I don't see anything more than you did for SKL, but older uarches may have more details:
For Core2 (what Intel confusingly calls the Core microarchitecture), the optimization manual documents (in B.7
EVENT RATIOS FOR INTEL CORE MICROARCHITECTURE):
B.7.5.2 4K Aliasing and Store Forwarding Block Detection
- Loads Blocked by Overlapping Store Rate:
LOAD_BLOCK.OVERLAP_STORE/CPU_CLK_UNHALTED.CORE
4K aliasing and store forwarding block are two different scenarios in which loads are
blocked by preceding stores due to different reasons. Both scenarios
are detected by the same event: LOAD_BLOCK.OVERLAP_STORE
. A high value
for “Loads Blocked by Overlapping Store Rate” indicates that either 4K
aliasing or store forwarding block may affect performance
This may count stalled and successful store-forwarding. (And 4k aliasing, so you need to avoid that or subtract it.)

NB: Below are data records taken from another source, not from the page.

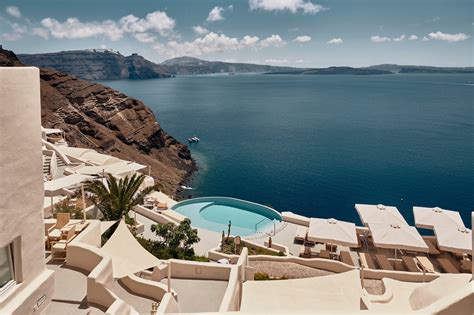 Mystique Luxury Santorini Hotel Itc
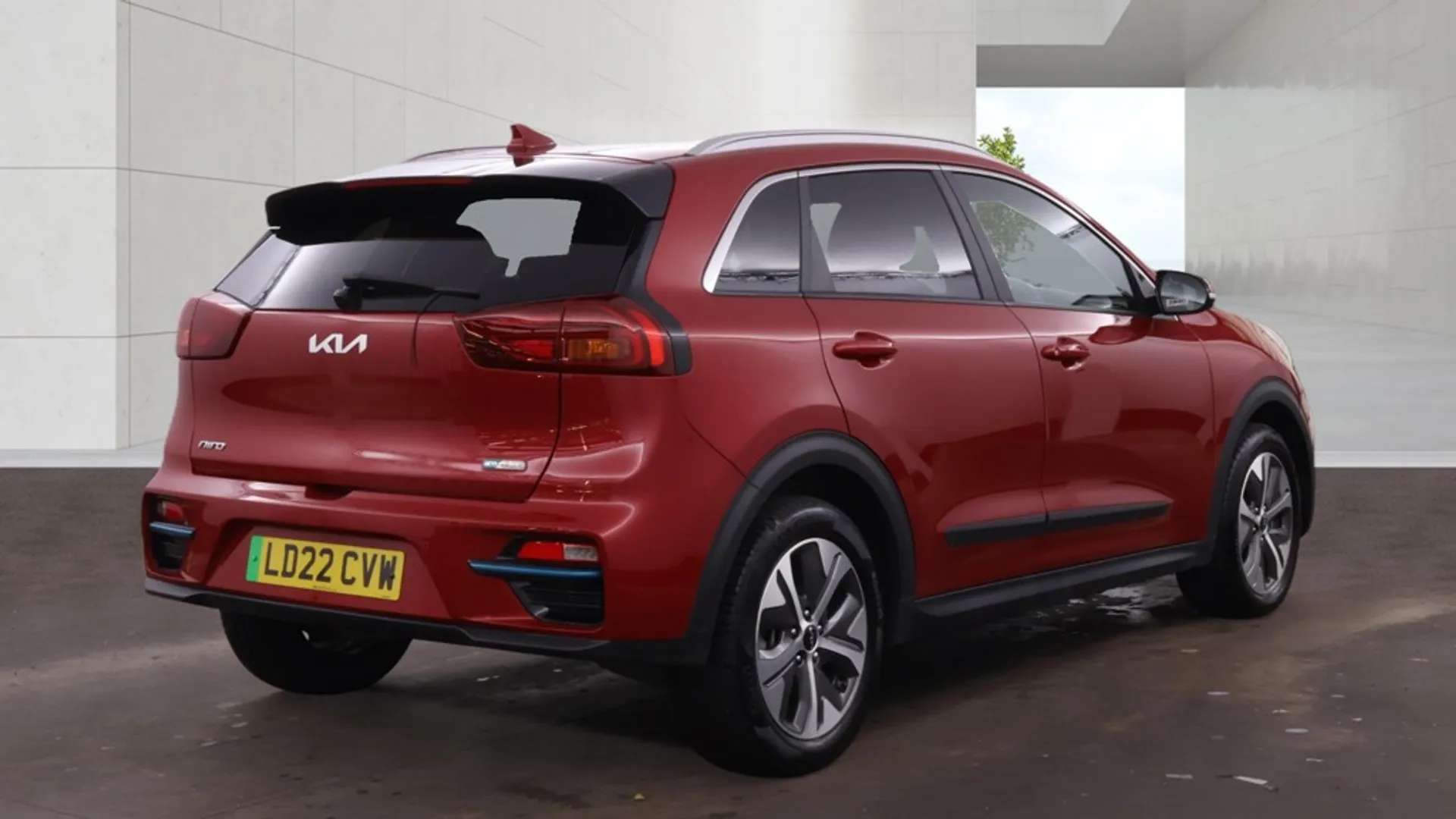 2022 KIA E-NIRO 2022 KIA E-NIRO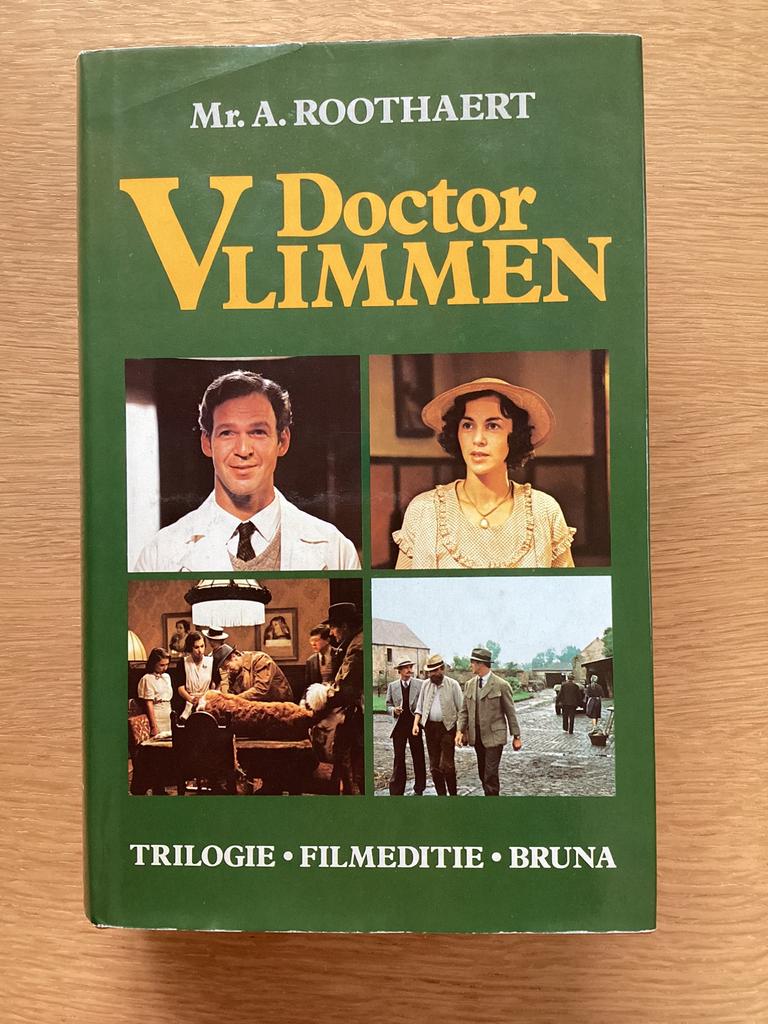 Dokter Vlimmen, Boeken, Ophalen of Verzenden, Gelezen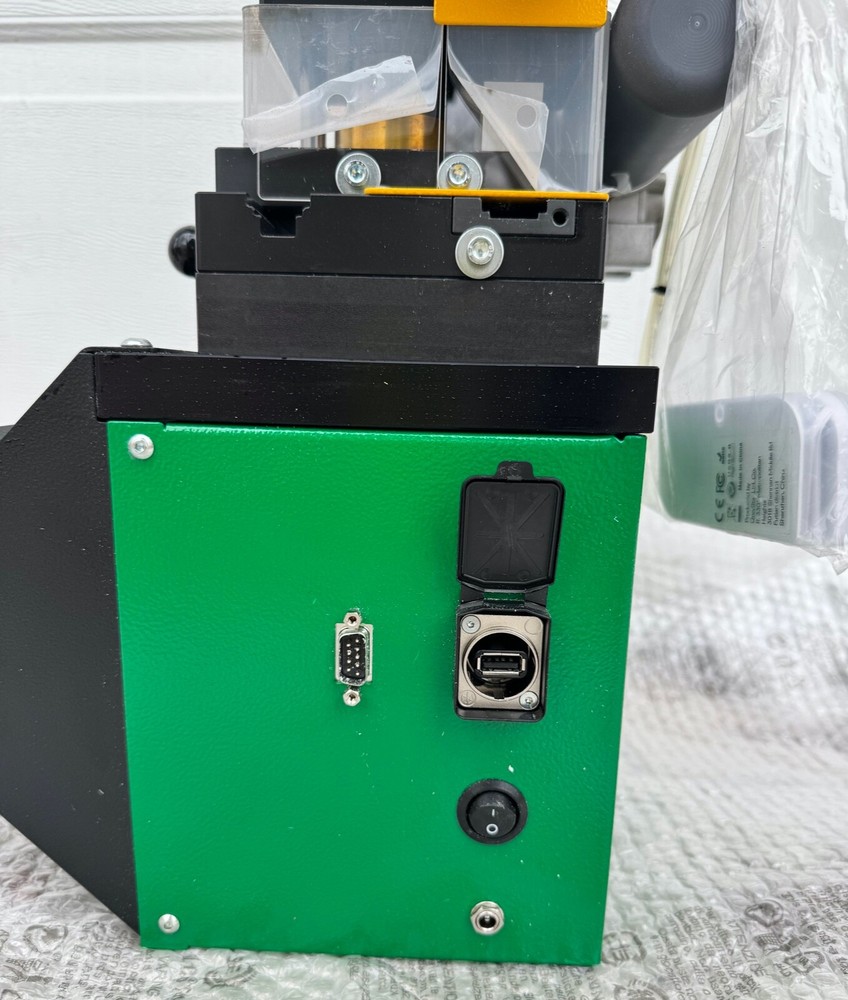 Giesse PA009 Punching Machine Semi Automatic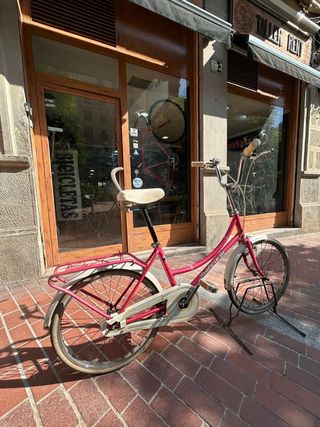 Bicicleta Vintage BH bolero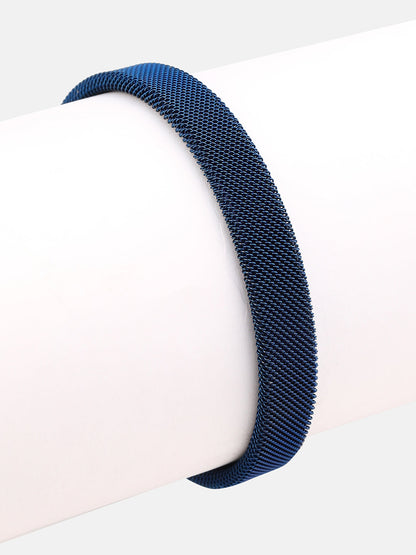 The Mesh Cuff Bracelet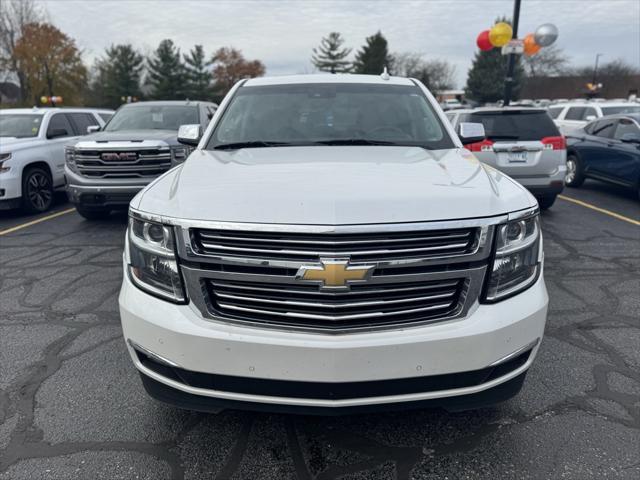 2017 chevrolet tahoe premier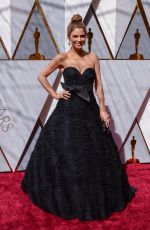 MARIA MENOUNOS at 90th Annual Academy Awards in Hollywood 03/04/2018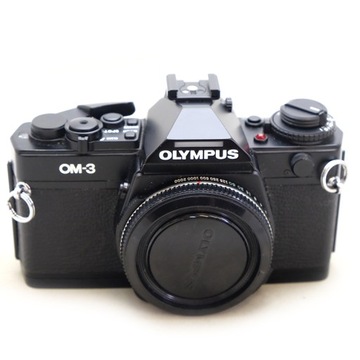 Фотоаппарат Olympus om - 3 Body-BTFOTO KOMIS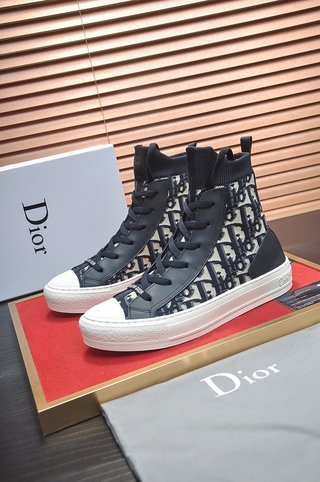 Dior Walk'N'Dior Mid Oblique Knit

B.7.5.3 Load Block by Preceding Stores
- Loads Blocked by Unknown Store Address
Rate: LOAD_BLOCK.STA / CPU_CLK_UNHALTED.CORE
A high value for “Loads Blocked by Unknown Store
Address Rate” indicates that loads are frequently blocked by preceding
stores with unknown address and implies performance penalty.
- Loads Blocked by Unknown Store Data Rate:
LOAD_BLOCK.STD / CPU_CLK_UNHALTED.CORE
A high value for “Loads Blocked by Unknown Store
Data Rate” indicates that loads are frequently blocked by preceding
stores with unknown data and implies performance penalty.
These last two counters would appear to count successful store forwarding, but only in cases where the load actually had to wait after detecting the (possible) overlap.